W Willingen czekają nas trzy dni rywalizacji. W piątek o 16:00 konkurs drużyn mieszanych, w którym nigdy nie byliśmy mocni, ze względu na niski poziom prezentowany przez skoczkinie. W sobotę i niedzielę pora na konkursy indywidualne. Panowie rozpoczną swoją rywalizację w sobotę o 16:00 i niedzielę o 15:15.

Warto podkreślić, że na liście startowej zawodów w Willingen znalazło się tylko 47 zawodników, a co za tym idzie nie będą rozgrywane klasyczne kwalifikacje, a jedynie tzw. prologi. Polskę, poza Stochem, Kubackim i Żyłą, reprezentować będą dwaj pozostali olimpijczycy – Paweł Wąsek i Stefan Hula. Wśród kobiet do boju posłane zostały Nicole Konderla i Kinga Rajda.

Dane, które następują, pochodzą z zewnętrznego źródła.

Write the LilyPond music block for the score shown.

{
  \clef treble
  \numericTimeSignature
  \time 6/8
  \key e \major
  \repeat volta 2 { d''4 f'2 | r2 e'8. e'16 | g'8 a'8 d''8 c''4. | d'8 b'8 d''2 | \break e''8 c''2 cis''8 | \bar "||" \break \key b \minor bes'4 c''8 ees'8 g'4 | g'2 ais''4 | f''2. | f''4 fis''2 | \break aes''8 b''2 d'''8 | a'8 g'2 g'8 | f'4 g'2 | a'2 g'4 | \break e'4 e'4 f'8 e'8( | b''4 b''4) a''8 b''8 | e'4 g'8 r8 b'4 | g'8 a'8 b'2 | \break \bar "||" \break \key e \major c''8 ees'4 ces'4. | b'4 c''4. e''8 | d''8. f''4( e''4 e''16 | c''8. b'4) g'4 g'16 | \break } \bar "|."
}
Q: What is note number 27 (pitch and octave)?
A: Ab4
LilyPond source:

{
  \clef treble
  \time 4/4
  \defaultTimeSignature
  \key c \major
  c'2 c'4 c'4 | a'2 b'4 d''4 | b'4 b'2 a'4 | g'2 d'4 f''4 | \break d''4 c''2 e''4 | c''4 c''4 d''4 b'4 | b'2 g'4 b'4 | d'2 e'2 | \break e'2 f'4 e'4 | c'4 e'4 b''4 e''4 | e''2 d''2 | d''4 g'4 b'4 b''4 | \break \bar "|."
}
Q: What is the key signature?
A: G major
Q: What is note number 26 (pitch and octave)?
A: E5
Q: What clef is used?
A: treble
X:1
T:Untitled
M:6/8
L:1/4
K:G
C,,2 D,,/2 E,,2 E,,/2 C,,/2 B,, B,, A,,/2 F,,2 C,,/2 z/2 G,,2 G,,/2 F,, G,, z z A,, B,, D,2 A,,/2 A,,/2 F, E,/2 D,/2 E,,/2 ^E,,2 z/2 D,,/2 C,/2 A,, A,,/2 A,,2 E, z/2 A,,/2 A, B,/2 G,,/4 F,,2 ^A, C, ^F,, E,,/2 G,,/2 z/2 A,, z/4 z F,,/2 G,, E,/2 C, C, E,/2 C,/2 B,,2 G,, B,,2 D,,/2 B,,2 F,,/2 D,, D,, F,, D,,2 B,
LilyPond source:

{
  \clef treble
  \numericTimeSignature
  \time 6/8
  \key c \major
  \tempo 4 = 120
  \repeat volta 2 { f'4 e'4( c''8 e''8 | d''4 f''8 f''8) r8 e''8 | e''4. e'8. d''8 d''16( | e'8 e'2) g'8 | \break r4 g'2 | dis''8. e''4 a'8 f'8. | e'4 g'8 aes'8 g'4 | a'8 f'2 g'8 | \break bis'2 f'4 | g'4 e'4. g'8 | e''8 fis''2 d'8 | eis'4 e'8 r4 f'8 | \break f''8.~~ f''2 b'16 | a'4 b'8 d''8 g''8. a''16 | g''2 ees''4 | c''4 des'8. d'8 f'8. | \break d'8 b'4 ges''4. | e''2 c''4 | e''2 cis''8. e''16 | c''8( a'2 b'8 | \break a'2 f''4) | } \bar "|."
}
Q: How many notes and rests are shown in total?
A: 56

Liderem klasyfikacji generalnej Pucharu Świata jest ponownie Karl Geiger. Niemiec wygrał obydwa konkursy w Titisee-Neustadt. Notabene dwukrotnie podium wyglądało identycznie – drugi był Anze Lanisek, a trzeci Markus Eisenbichler. Drugi w „generalce” Ryoyu Kobayashi ma niewielką stratę i niewykluczone, że w Willingen czeka nas kolejna zmiana na czele. Równie prawdopodobny jest jednak scenariusz, w którym nie wszystkie konkursy w ogóle dojdą do skutku. Prognozy pogody (szczególnie wiatr) nie napawają optymizmem.

Na koniec przypomnijmy, że rekordzistą skoczni w Willingen jest… Klemens Murańka. Poszybował on tutaj na odległość 153 metrów! Wszyscy jednak pamiętamy inny niesamowity skok Polaka na tym obiekcie – słynne 151.5 Adama Małysza w 2001 roku.